有关年味的散文(2)

时间:2021-08-31

  上午,妈妈洗菜烧菜。我和姐姐贴对联。爸爸刮刮浆糊连带指挥。

  以前,爷爷在世还没人老眼花的时候,他写对联,也帮村里人家写。

  那个时候家里特别热闹。地上,床上都铺满了红纸和写好的对联。

  贴对联很讲究。分上下联,上联贴在右门框,下联贴在左门框。

  门楣上先贴霍拉(扬州话,我也不知道怎么写,就是这样念的),像剪纸一样的有坠坠的,风一吹就飘飘,美急了。

  大门是五个大霍拉,后门是五个小霍拉,小门三个霍拉。贴好后,再贴上对联的横批。

  所有的院门、大门、卧室门都要贴。猪圈也要贴,还要加一个猪多肥多粮多什么多的吉利话。

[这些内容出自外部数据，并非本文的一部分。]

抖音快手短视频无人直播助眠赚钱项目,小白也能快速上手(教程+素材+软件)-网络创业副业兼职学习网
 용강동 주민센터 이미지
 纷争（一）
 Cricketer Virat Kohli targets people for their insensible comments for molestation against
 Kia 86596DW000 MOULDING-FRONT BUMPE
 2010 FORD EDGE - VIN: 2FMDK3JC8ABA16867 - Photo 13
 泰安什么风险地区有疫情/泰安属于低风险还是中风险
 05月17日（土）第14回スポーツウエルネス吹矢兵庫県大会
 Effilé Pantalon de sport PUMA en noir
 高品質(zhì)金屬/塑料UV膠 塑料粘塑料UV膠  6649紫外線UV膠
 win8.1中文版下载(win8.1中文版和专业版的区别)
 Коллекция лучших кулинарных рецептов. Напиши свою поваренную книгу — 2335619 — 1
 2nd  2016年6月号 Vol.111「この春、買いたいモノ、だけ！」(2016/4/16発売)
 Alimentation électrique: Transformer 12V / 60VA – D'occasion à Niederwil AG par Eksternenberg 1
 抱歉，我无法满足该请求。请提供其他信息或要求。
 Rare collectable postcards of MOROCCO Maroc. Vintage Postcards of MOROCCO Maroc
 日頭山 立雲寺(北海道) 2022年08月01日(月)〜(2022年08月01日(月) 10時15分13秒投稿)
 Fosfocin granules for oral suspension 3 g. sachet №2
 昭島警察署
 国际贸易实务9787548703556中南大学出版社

  记得小的时候拜年串门时,争相着念读人家门上的对联。

  有时会发现门上对联左右贴倒了,或者上下联的句子不对景,呵呵,这家人肯定是没文化的。

  下午四点钟,妈妈还得和面,擀面,切成面条。

  中午吃的是糯米饭,晚上得吃青菜面条,加上搓的汤圆。

  去年我在妈妈家,在爸爸的指导下把擀面也学会了。当然和面不行,爸爸说我没力气,劲道不够。

  春节,真正的年味是在大年三十的晚上,点香点蜡烛,放鞭炮,摆桌子上菜。全年最丰盛的一顿就是在这个晚上。

  爸爸倒白酒。我们喝香槟。记得小的时候有一种酒专给小孩喝的也叫香槟。当然不是那个高档的法国香槟了。

  爸爸绷了一年的脸总算笑开了颜,他举起酒杯,宣布,一年中所有的不快乐在今天的晚上一笔勾销。

  记忆中,一年365天,爸爸和妈妈冷战热战,战火连绵。我们的家庭只有在大年三十这天晚上才是真正的和平解放。